In the affidavit which he swore in response to the applicant’s application, the interested party stated that he purchased the land in question from the respondent and that he is now the registered owner of the land. It is not clear from his affidavit when he purchased the parcel of land but a copy of the certificate of official search attached to the applicant’s affidavit sworn in support of his application shows that the interested party was registered as the owner of the suit land  on 19th June, 2014. As far the as the allegations against the respondent are concerned he says that he is a stranger to them.

In his application to have the injunctive orders issued in respect of the suit land vacated, the interested party has reiterated that he is the registered owner of the suit land and that he is a purchaser for value without notice.

Incidentally, the respondent did not file any sort of response to either of the two applications. When she was given chance to address the court at the time these applications came up for hearing, she only stated that she is not aware of succession cause no. 612 of 2001. On their part, counsel did not say anything more than the averments and depositions made by the respective clients in their pleadings and their sworn affidavits. I have considered their submissions in respect of the two applications.

The record shows that on 6th August, 2014, this court ordered for the production of the original record in succession cause no. 612 of 2001; pursuant to that order, this record was availed and as at the time the applications were urged before, the record was part of the record in this cause. It is apparent from that cause that it is in respect of the estate of the same deceased whose estate is in issue in the cause herein.

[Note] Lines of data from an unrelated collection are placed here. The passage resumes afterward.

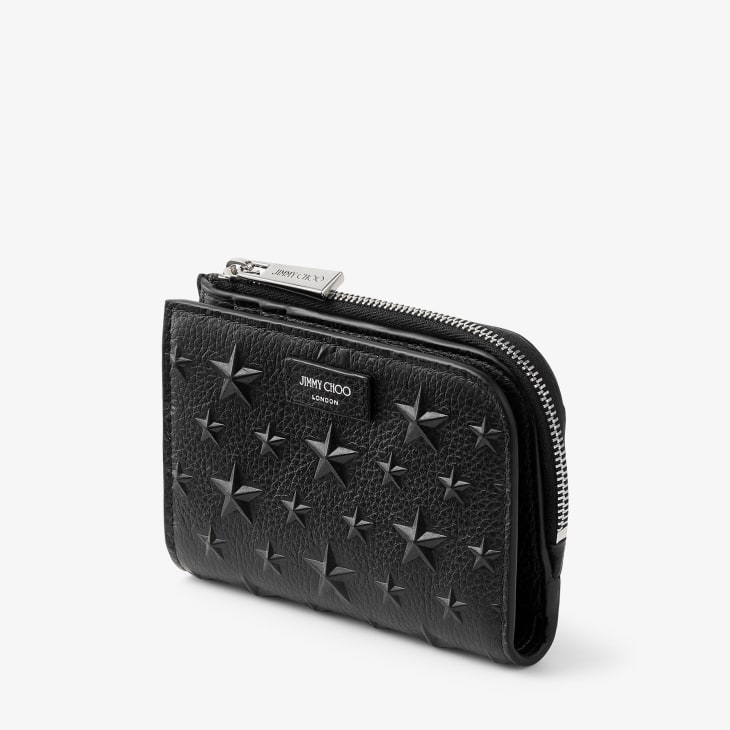Jimmy Choo コンパクトジップ ウォレット
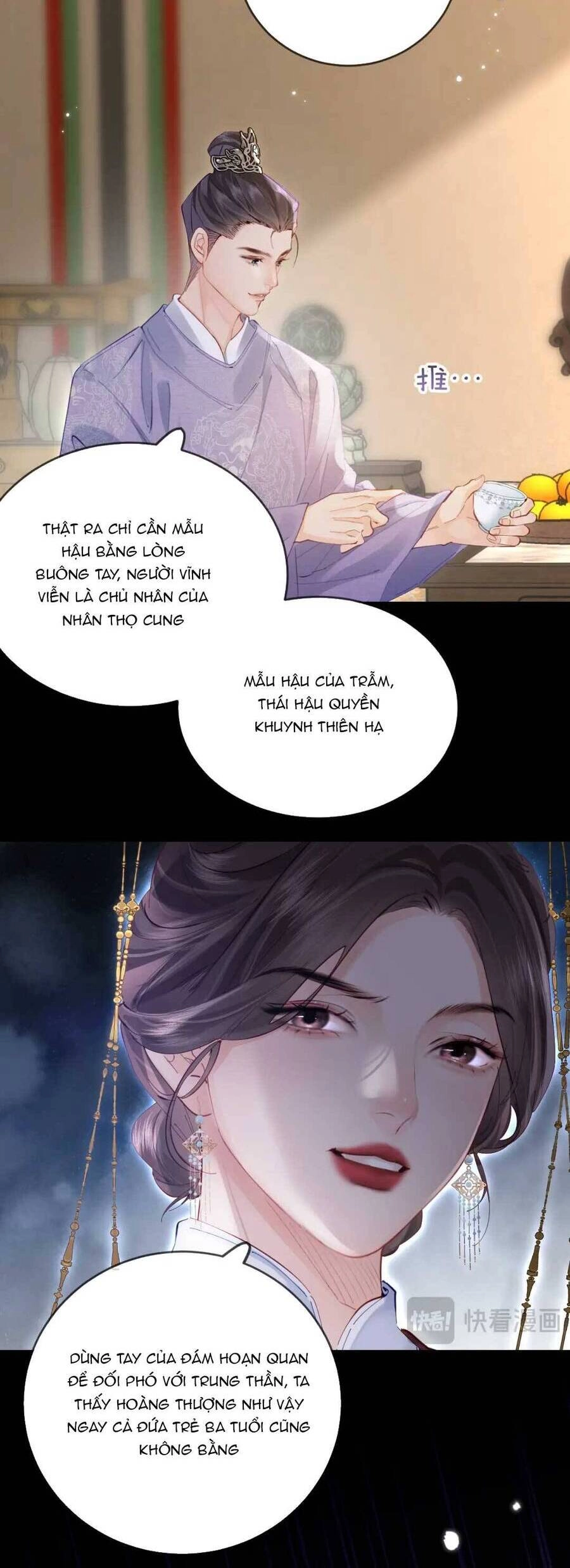 Vợ Chồng Đỉnh Lưu Có Chút Ngọt Ngào Chapter 59 - 11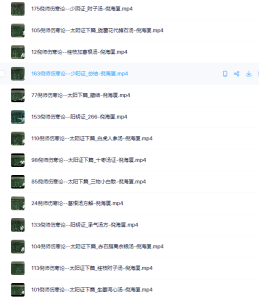 图片[2]-倪海厦合集1-10视频 针灸大成 黄帝内经 神农本草经 伤寒论 金匮要略 天纪 八纲辨证 倪师医案 梁冬对话倪海厦 仲景心法（带字幕版）-江南图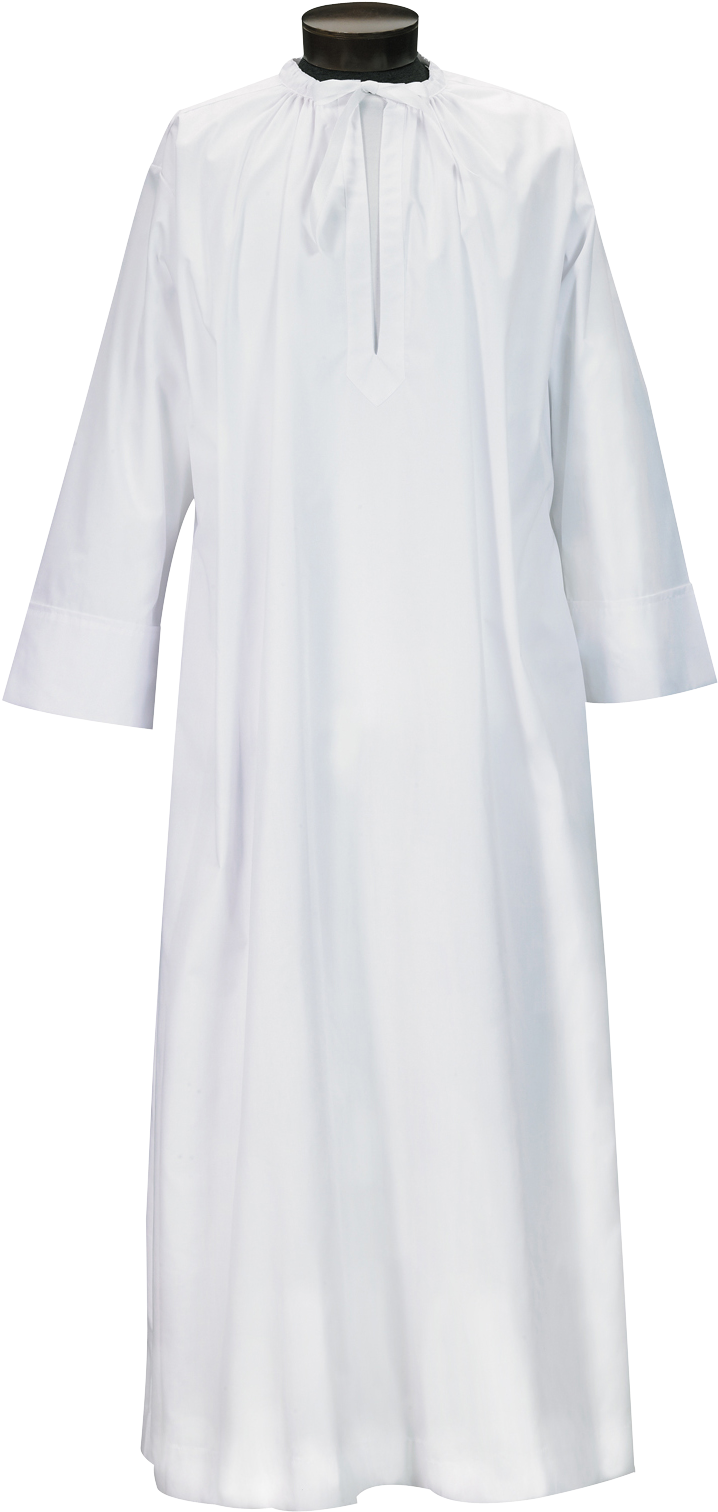 Download #111 Mens Alb - Traditional Catholic Albs PNG Image with No ...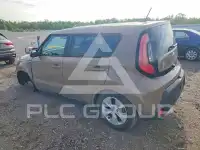 2015 KIA Soul фото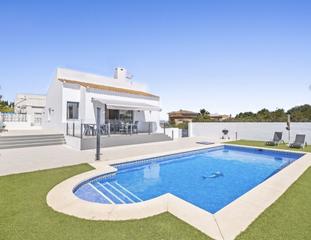 Piso en El Faro de Calaburra - Chaparral. Villa in el faro
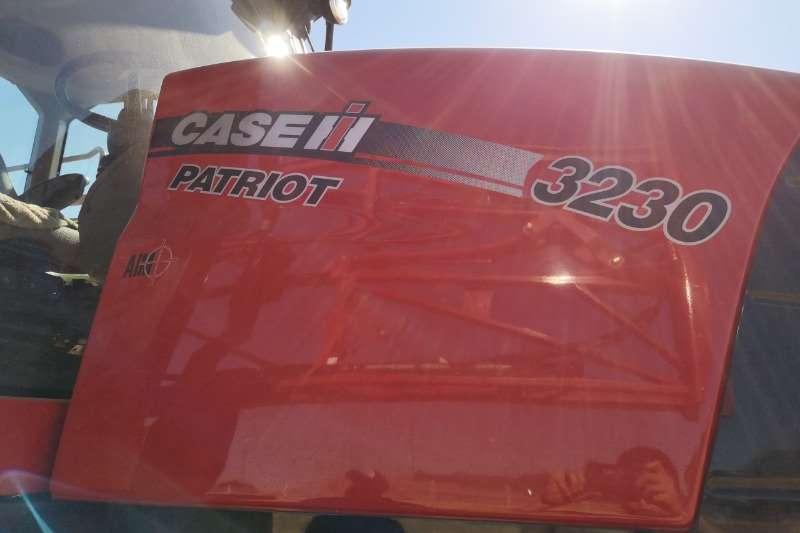   Case Patriot 3230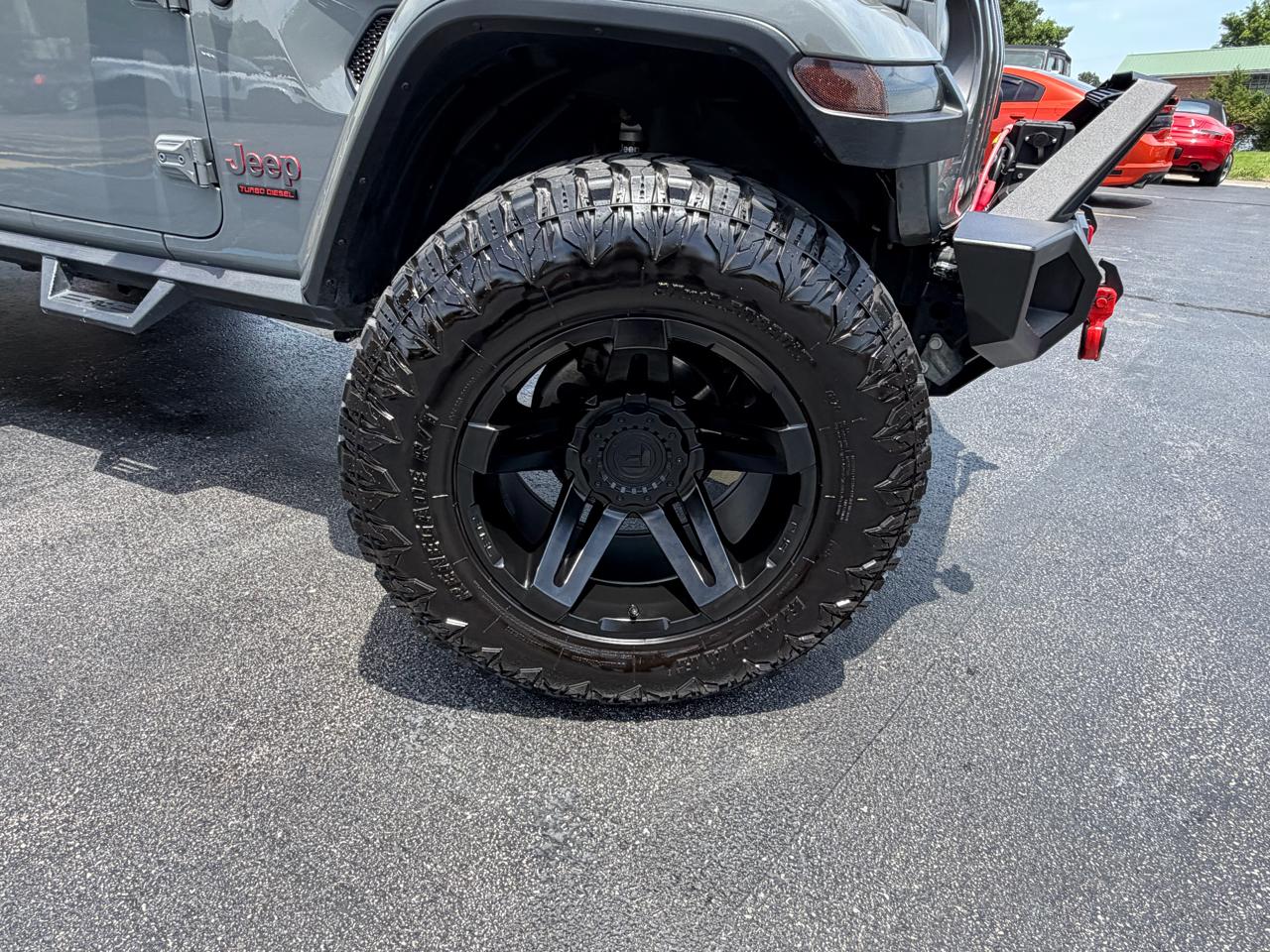 Jeep Gladiator Rubicon 4x4 2021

It is also apparent in High Court Succession Cause No. 612 of 2001 that the respondent was the protestor in that cause; it is therefore clear that contrary to what she told the court, the respondent was not only aware of that cause but that she participated actively in it. The last entry in that record shows that the cause was stood over generally on 26th October, 2012 and nothing appears to have happened since then.

My reading of that record is that there were at least three persons interested in the deceased’s estate; there was a petitioner, an objector and a protestor. Considering that an objection and a protest to grant of letters of administration had been filed in the cause, there is the lingering question whether the nature and extent of the objector’s and the protestor’s relationship to the deceased ought to have been established and whether they were entitled to a share of the deceased’s estate and if so in what proportion. The answer to this question, amongst others that may arise, will obviously come out after the hearing and determination of the summons for revocation of grant. Before that time comes, it is necessary that what constituted the deceased’s estate which is the suit land is preserved. For this reason, I would allow the applicant’s application filed in court on 6th August, 2014 in terms of prayer 3 thereof and hereby order the issue of a prohibitory order against land parcel LR. No. Chinga/Kagongo/43. The effect of this order is that the interested party’s application dated 26th August, 2014 is dismissed. Costs of both applications abide the outcome of the summons for revocation of grant. It is so ordered.

Dated, signed and delivered in open court this 13th day of March, 2015.